The same day, International Tax Authority Director La Toya James spoke at the BVI Finance Breakfast Forum, where she explained the ITA’s role in the new legislation.

“We encourage the industry to get familiar with the amendments, which may affect them and their clients differently,” she said.

Bearer shares regime

The bill — which awaits the governor’s assent — abolishes a regime that allows for the redemption of bearer shares. Such shares are owned by anyone who holds the physical stock certificate, and they are not registered with any central authority that can track their ownership or transfer.

VI companies have not been allowed to issue bearer shares since January 2010. Accordingly, owners of bearer share companies were required to either convert the shares into registered shares, or deposit all the bearer shares with an authorised custodian, according to the text of the act.Even though the custodianship regime would in theory “allow us to identify the owners of bearer shares, it has proven to be difficult, as many custodians are allowed to be operating outside of BVI,” Ms. James said last Thursday.

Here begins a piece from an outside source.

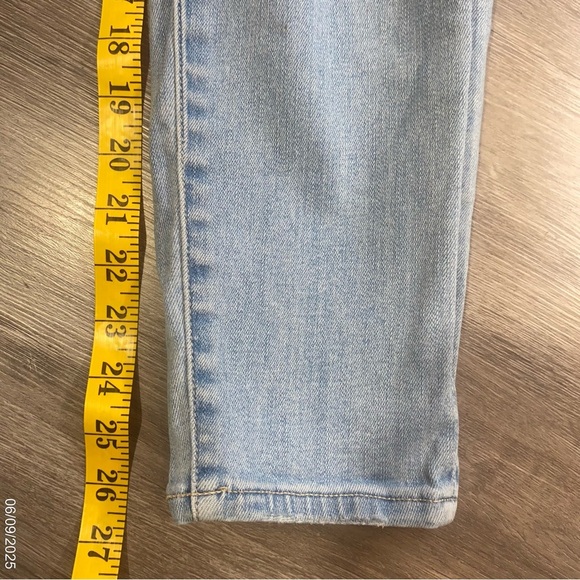 American Eagle Blue Skinny Jeans with Distressed Detailing - Picture 5 of 8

Dr. Wheatley called the current regime “challenging and unnecessary in light of emerging international standards on greater transparency,” and said the new provision would abolish the regime altogether.

Record-keeping

Another provision in the amendment would allow the registered office of a company to “continue to be the registered office which the company had at the time of termination of any business relationship,” according to the premier.

Dr. Wheatley said this measure will assist the ITA in responding to mutual legal assistance requests from abroad.

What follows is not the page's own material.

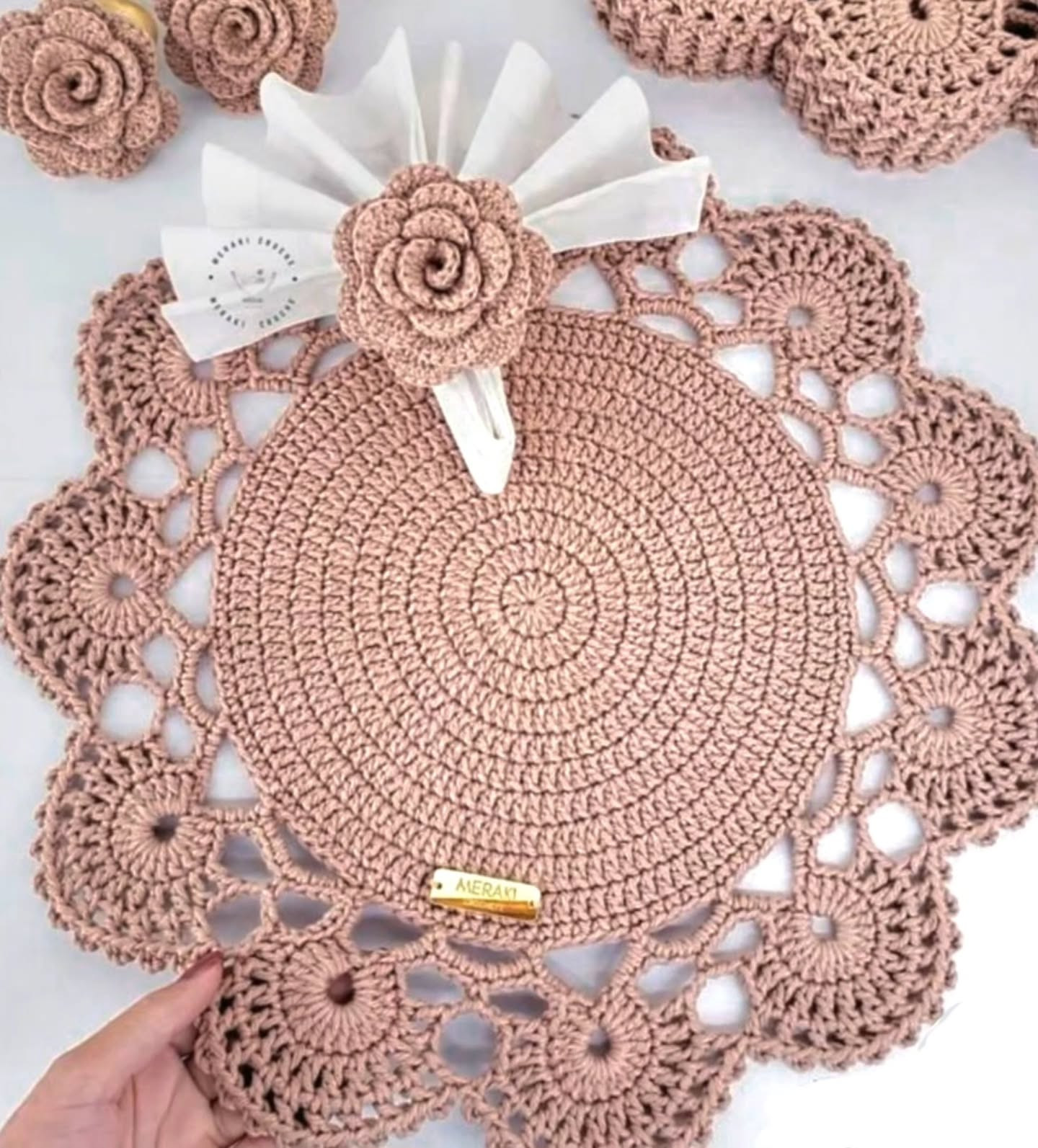 Elegant Crochet Placemats with Decorative Rose Napkin Rings in Green, Pink, and Dusty Rose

Ms. James explained that accounting records “are the only records that are not required to be kept onshore in the BVI right now,” which can make them difficult to access if needed.

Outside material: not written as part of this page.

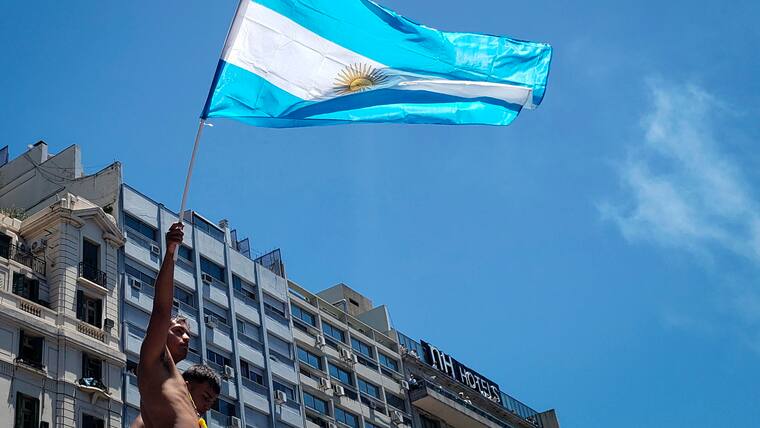 Hinchas de Argentina celebran victoria en Qatar 2022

“We rely heavily on the cooperation of these companies to provide these records to the assessment team,” she said, adding that the bill’s provisions should make this process easier.

The bill also streamlines rules relating to struck-off companies and specifies the timeline for the resignation of a registered agent when a company is struck off.

In addition, it establishes a framework for requiring companies filing returns with their registered agents to provide a list of directors upon request.

The premier said the amendments “are required for the territory to continue to remain compliant with emerging global standards in financial services.”

Other provisions

Another part of the bill, the premier said, would allow a company the freedom to move out of the VI and register elsewhere as long as it provides advance notice to its members and creditors and publishes a notice in the Gazette.

“These requirements will provide appropriate notice to persons who may, for any reason, object to the continuation and accordingly advise themselves of any step they may wish to pursue in relation to their company,” the premier said.

The reforms will also include amendments to require voluntary liquidators of VI companies to hold specific qualifications and to be either licensed insolvency practitioners or resident in the VI.